Our horses reflect 100% of what we are doing in the saddle - so if the rider isn't using themselves properly, to encourage the horse to use themselves properly, it wont get fixed. 

It isn't what the horse is doing - the question is, what is it that you are doing?


----------



## ladybugsgirl (Aug 12, 2009)

I use alot of transations to try to help him get off the fore and use his hind. I know the previous owner didnt do much with him and just let him do his own thing and told me that she just let him go where he wants cuz she couldnt get him to go where she wanted him to go . I dont think its necessary me as a rider doing anything wrong but trying to correct the 8 years of him being ridden that way. Ive only had him a month and even in that short time he seems to have improved slowly but surely. He still tries to test me but hes found that im not as lenient(spelling) as his old mom was.
_Posted via Mobile Device_


----------



## MIEventer (Feb 15, 2009)

I don't think testing has anything to do with it - it's the fact that he isn't using his body properly.
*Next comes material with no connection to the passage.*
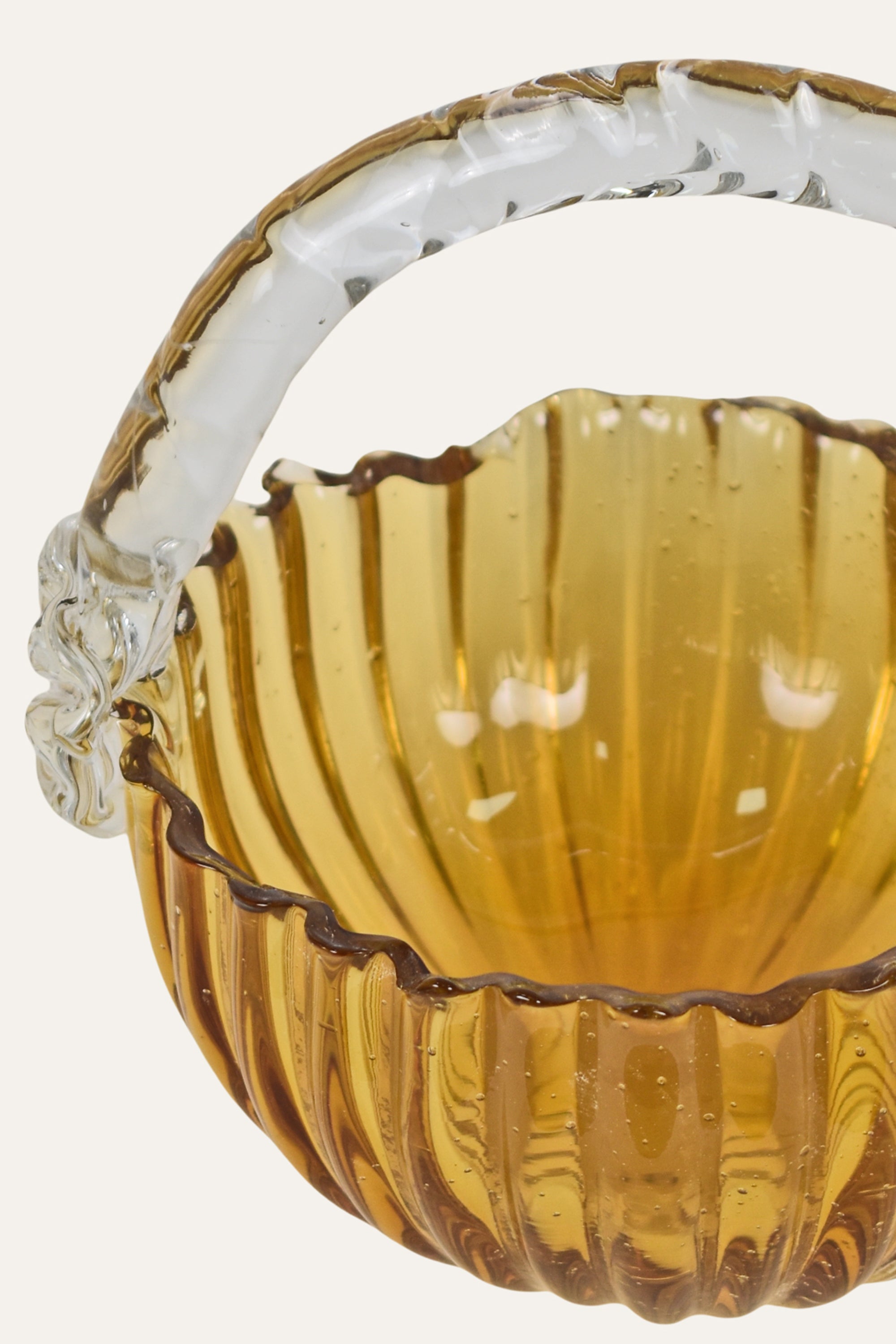 Whimsical Amber Glass Hand Blown Colored Vase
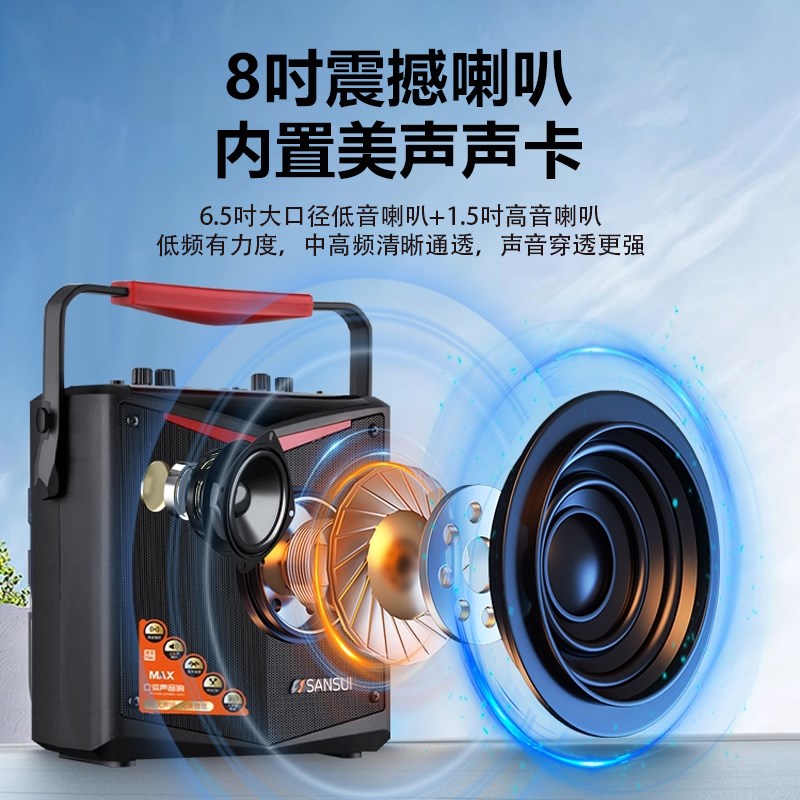 山水蓝牙音箱家用k歌音响话筒麦克风户外唱K歌广场舞演出超大音量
There is no quick cure fix for this, he is unbalanced, going around on his forehand and not using himself properly.

Only his rider is going to beable to teach him to use himself correctly, but that can only be achieved if the rider is using themselves properly.

My horse used to be heavy in my hands a lot when I first started riding him. His previous owner could get on him, and get him using himself properly. Then I would get on him, and guess what - he'd go right back to hanging off my hands. 

When I learnt how to use myself correctly, to get him to use himself properly, the issue went away. Dressage, dressage, dressage, dressage - learning how to ride in a proper position, using my seat and my legs and driving him forward into the bit - riding back to front, not front to back - that's what fixed it.

Now I can ride him without him being on my hands. If he gets heavy, I correctly myself first, and then correct him. I can have friends get on him, and guess what - he's heavy on their hands, because they aren't riding him correctly to get him to use himself properly. He says "oh hey, free ride, this will be easy" and guess what, he's right. 

Remember, our horses reflect 100% of what we do in the tack.

This is a horse that is moving how he knows how to move. As you said, he has been going this way for years because his rider didn't know how to use herself properly, to get him to use himself effeciantly. So he has 0 muscle development to allow him to carry himself, so how is he supposed to if he's not being shown how? That is why he is heavy in your hands - because he is unbalanced, undeveloped, and is relying on you to carry him. 

Start doing exercises to get him off of his forehand. Seat into Legs into Hands - inside leg into outside rein. Drive that back end, get him to open up and move under himself, tracking up, engaged, back lifted up into your seat.

Your body must be correct as well, you must beable to use yourself to help him. Your body cannot be on his forehand, strong seat, legs lifting his back up into your seat, strong core, opened hip angle, tall upper body, opened chest, carried hands - ride back to front. 

I suggest dressage lessons if you can do it - that will help both you and your horse. 

I wish you all the best!


----------